• _Dataset content_
━━━━━━━━━━━━━━━━━━━━━━━━━━━━━━

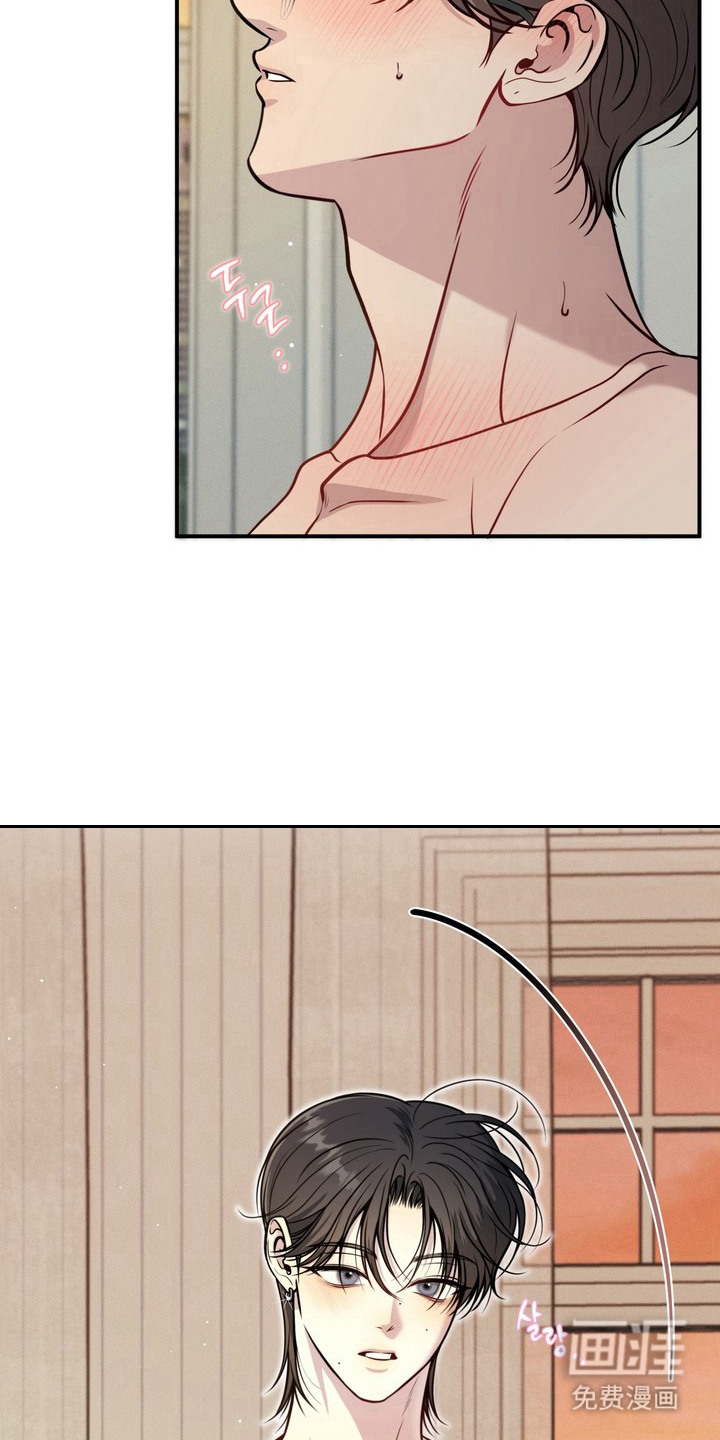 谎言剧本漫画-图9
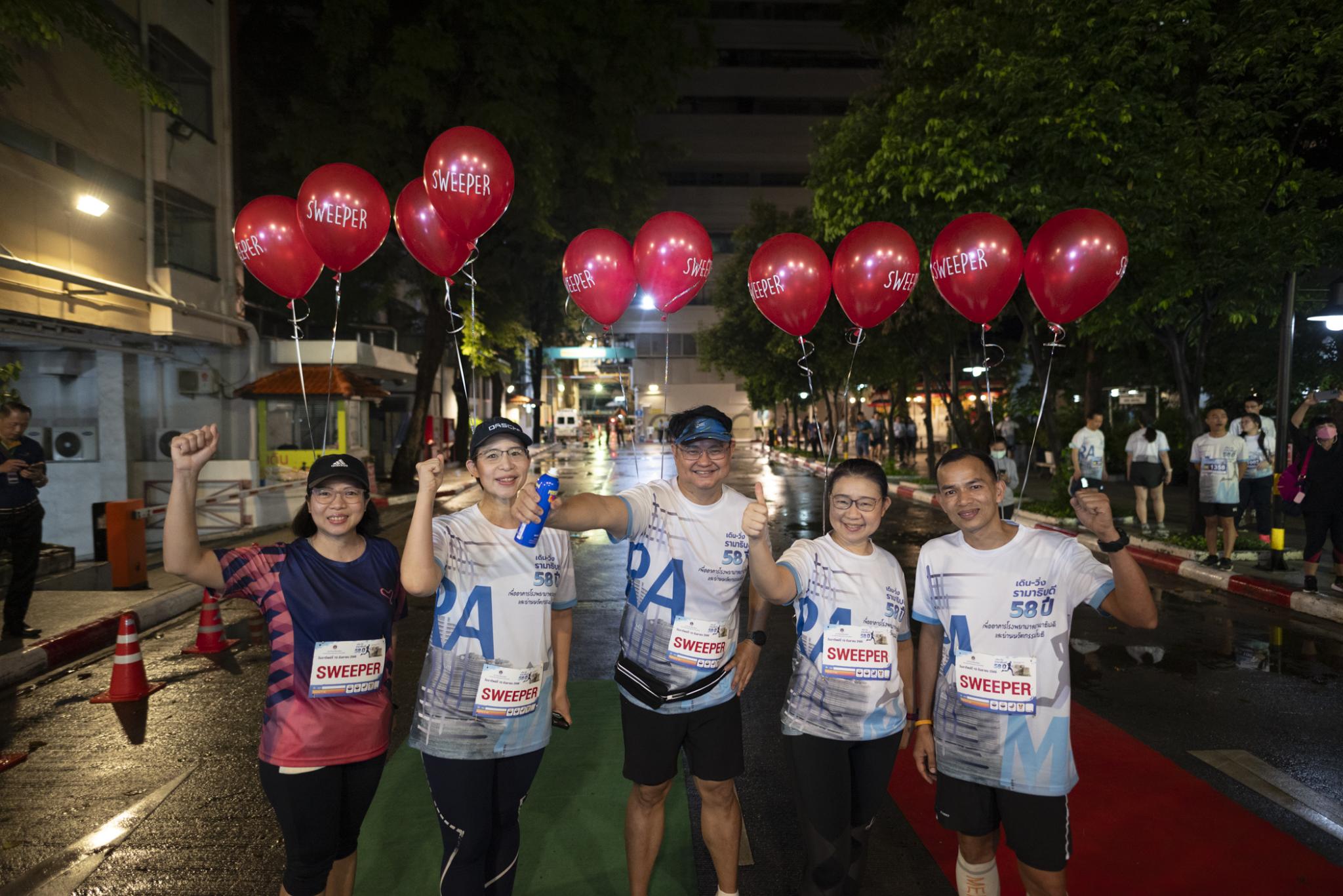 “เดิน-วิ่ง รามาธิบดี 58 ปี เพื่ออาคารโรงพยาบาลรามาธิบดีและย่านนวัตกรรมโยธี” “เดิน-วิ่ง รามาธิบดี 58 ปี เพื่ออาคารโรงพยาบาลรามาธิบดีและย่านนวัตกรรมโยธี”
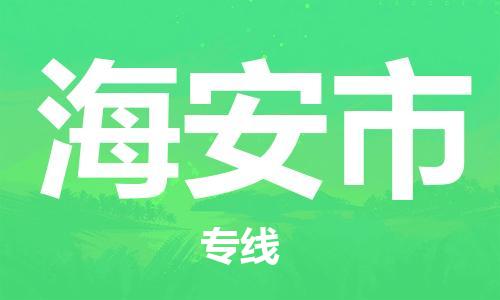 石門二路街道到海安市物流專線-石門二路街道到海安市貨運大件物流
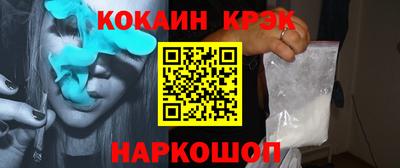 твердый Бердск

━━━━━━━━━━━━━━━━━━━━━━━━━━━━━━

• _Task description_
Retype the material above exactly, images excluded.

• _Answer to this task_
 谎言剧本漫画-图9
 “เดิน-วิ่ง รามาธิบดี 58 ปี เพื่ออาคารโรงพยาบาลรามาธิบดีและย่านนวัตกรรมโยธี” “เดิน-วิ่ง รามาธิบดี 58 ปี เพื่ออาคารโรงพยาบาลรามาธิบดีและย่านนวัตกรรมโยธี”
 石門二路街道到海安市物流專線-石門二路街道到海安市貨運大件物流
 твердый Бердск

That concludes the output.